Sleepless

I can no longer make it through the nights. This is different from insomnia. I’ve had that, though mine always seemed to be about a certain kind of missing out. As if the fact of sleep meant I wasn’t out drinking or dancing or wasn’t up reading or writing. Staying up all night then kept me up the next night or I would sleep during the day when I should be out writing and reading. The worst of this was during my doctoral work. Something about the demands of a job, the demands of a certain shared sociality of employment, pretty much ended my insomnia. Now, no matter how late I go to sleep, I wake up too early. If I have a particularly bad dream then it might be 3am. If not, then it’s usually no later than 6. I wake up tired. Deeply unhappy. My pillow contorted into a lump that I have aggressively dug my head into. Nothing like the images of sleeping people on TV. Their head and shoulders comfortably lying on the soft down or synthetic petroleum-based something or other. They look so good at sleeping. They look so good.

So I wake up and am sometimes as contorted as the pillow. I flip it over, lay it out straight, and try again. For a bit. It usually doesn’t work and I finally give in and look at my phone. A few emails maybe through the night. Occasionally a text message from some far-flung friend who isn’t well. Then the news. For reasons unclear to myself other than a lack of real options, I always go to the Guardian. Until very recently I had harbored hope that I might return to Europe via the UK, life in the US being harder than we are allowed to say. Even-or perhaps because of-the particular sociality of employment. So I look at the Guardian and check both its US and UK editions on my slightly cracked iPhone. The news is rarely good, but lately I check it to see if the worst has happened. I’m convinced that some greater violence is waiting in reserve. Impersonally it will separate me even more from those I love and care about. Will bind me more to those I fear and resent.

I’m not stupid. Or no more stupid than most. I’m aware that such violence and worse affects other people. With the memory of a wooden floor scuffed by the shoes of the four police officers beating a man with the title “father”, I’ve not been untouched by that violence in my life. Despite more adventurist intellectuals giddy over the idea of bringing the war home, war remains hellish and when one is subject to it is terrifying. I suspect we will all sleep less well as the unending war begins to manifest more locally for us.

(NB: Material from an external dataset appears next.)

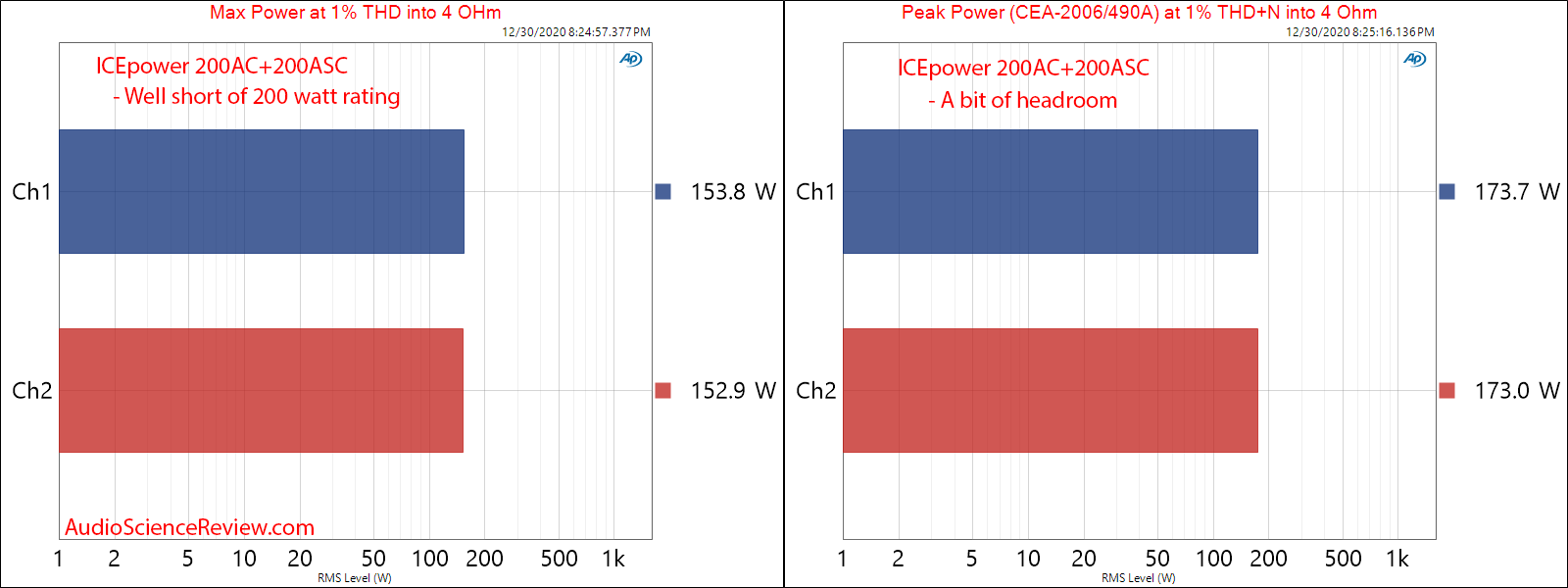 ICEpower 200AC 200ASC Measurements Max and Peak Power.png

I wake up after sleeping too little, feeling the anxiety sit upon my chest. And I am tired.

2 thoughts on “Sleepless

  1. The fatigue that comes from physical work often leads to good sleep. I can only recommend you do something of interest to you that is also physical. Sports (yoga, biking) hobbies (geology, hiking, bird watching, orienteering, car restoration) home maintenance (carpentry, gardening, tree work).